Entries shown:
══════
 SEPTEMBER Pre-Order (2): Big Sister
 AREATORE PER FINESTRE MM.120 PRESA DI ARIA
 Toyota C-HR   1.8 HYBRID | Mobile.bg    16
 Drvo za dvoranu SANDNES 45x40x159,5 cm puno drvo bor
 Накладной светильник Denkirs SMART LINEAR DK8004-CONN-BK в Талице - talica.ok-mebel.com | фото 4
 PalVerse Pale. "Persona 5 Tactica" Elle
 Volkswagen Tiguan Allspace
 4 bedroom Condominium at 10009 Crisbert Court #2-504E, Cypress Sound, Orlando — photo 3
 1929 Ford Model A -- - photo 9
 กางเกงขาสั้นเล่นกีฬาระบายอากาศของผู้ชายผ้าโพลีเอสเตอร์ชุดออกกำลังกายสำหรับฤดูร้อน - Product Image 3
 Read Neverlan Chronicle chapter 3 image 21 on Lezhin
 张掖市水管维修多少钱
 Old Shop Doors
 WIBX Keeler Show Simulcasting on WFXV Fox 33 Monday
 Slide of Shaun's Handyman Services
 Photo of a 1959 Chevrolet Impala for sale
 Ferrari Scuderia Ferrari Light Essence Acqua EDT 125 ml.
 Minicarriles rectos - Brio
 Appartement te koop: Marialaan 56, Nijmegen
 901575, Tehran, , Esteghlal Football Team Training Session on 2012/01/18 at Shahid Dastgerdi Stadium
══════
All the lines above should be written out once more, exactly.

 SEPTEMBER Pre-Order (2): Big Sister
 AREATORE PER FINESTRE MM.120 PRESA DI ARIA
 Toyota C-HR   1.8 HYBRID | Mobile.bg    16
 Drvo za dvoranu SANDNES 45x40x159,5 cm puno drvo bor
 Накладной светильник Denkirs SMART LINEAR DK8004-CONN-BK в Талице - talica.ok-mebel.com | фото 4
 PalVerse Pale. "Persona 5 Tactica" Elle
 Volkswagen Tiguan Allspace
 4 bedroom Condominium at 10009 Crisbert Court #2-504E, Cypress Sound, Orlando — photo 3
 1929 Ford Model A -- - photo 9
 กางเกงขาสั้นเล่นกีฬาระบายอากาศของผู้ชายผ้าโพลีเอสเตอร์ชุดออกกำลังกายสำหรับฤดูร้อน - Product Image 3
 Read Neverlan Chronicle chapter 3 image 21 on Lezhin
 张掖市水管维修多少钱
 Old Shop Doors
 WIBX Keeler Show Simulcasting on WFXV Fox 33 Monday
 Slide of Shaun's Handyman Services
 Photo of a 1959 Chevrolet Impala for sale
 Ferrari Scuderia Ferrari Light Essence Acqua EDT 125 ml.
 Minicarriles rectos - Brio
 Appartement te koop: Marialaan 56, Nijmegen
 901575, Tehran, , Esteghlal Football Team Training Session on 2012/01/18 at Shahid Dastgerdi Stadium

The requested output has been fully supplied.